NOTE: Some corporate firewalls will not allow videos hosted by YouTube.

Transcript

Lesson 4 – demonstration: Global Cache Current Transfer vs Consistent Read Transfer

How Cache Fusion Really Works Part 4 of 6

 

>> Brian:  The next thing I want to talk about is the difference between a current block and consistent read block. 

 

In our example that we’ve seen so far, a user on instance one just read the data. And on instance two, another user just read the data. There was no data being changed. Because data was not modified, the user on instance two could obtain the most recent or, in other words, the most current version of that block. Hence, the global cache current wait event. 

 

What I’m going to do is bounce the instances. 

 

[pause]

 

Now that the instances are bounced, I’ll start them up. The big reason I do this is just to make sure we’re starting with a clean slate, fresh from scratch so that nothing else influences our analysis. Now I’ll go back into SQL Plus and I’m going to update one row in this table. 

 

[pause]

 

We’ll just verify that result. 

 

[pause]

 

And there it is. But I have yet to commit the changes from this session. So only this session can see that change. If I go over to the other instance and this time I’m going to start a trace in my session –

 

[pause]

 

And let’s look at that value. Here it says the owner is system, not Scott. This is Oracle’s consistent read mechanism in play. Any session is not allowed to see uncommitted changes to the data. This is true on single instance as well as Oracle RAC. Oracle RAC has to follow those same rules. What Oracle does under the covers is it uses the information in the UNDO table space to create an image of that block before the change occurred and Oracle then takes that consistent read image and transfers it via Cache Fusion as a global cache transfer. 

 

Now let’s look at my trace file. 

 

[pause]

 

We’ll look at the wait events here and we can see the three wait events of interest are all global cache transfers because the wait event name starts with GC. The first block is still a current transfer because the index block has not changed.
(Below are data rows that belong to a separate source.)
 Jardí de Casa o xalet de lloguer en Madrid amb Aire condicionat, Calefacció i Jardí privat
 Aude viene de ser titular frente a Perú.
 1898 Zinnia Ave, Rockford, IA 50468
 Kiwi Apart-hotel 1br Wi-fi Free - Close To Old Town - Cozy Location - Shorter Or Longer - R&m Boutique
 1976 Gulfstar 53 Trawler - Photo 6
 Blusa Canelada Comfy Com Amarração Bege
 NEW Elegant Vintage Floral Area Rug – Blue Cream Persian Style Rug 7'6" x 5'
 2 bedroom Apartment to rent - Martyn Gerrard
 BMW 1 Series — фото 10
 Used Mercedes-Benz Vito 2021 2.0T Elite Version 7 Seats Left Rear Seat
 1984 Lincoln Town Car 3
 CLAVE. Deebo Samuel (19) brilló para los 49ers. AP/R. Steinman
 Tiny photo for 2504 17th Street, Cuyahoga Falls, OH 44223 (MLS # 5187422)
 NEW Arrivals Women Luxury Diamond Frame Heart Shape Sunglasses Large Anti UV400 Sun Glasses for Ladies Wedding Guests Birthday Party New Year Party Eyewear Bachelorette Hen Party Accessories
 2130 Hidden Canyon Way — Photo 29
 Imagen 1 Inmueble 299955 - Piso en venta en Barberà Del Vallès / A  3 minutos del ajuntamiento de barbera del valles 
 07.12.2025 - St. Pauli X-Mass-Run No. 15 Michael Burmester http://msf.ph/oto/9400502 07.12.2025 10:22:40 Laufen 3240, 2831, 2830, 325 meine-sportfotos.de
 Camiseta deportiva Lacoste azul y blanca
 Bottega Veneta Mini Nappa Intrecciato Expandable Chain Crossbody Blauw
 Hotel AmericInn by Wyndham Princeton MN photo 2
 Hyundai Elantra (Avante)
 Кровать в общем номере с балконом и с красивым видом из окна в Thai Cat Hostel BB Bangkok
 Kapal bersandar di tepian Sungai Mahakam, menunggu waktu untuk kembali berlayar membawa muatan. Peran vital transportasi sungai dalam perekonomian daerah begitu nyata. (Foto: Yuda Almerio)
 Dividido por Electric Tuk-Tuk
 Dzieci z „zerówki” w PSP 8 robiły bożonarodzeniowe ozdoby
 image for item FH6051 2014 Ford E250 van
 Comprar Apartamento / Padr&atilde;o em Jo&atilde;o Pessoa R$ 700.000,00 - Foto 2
But notice that third one, now we see a global cache CR wait event and this is a global cache consistent read wait event. It’s still on the same file and it’s still on the same block of that file. 

 

Hopefully this explains the difference between a global cache current and a global cache consistent read transfer. Remember that a global cache current transfer is Cache Fusion transferring the current image because the block has no uncommitted changes. When there are uncommitted changes, Cache Fusion will ship a global cache consistent read image instead as our demonstration has shown.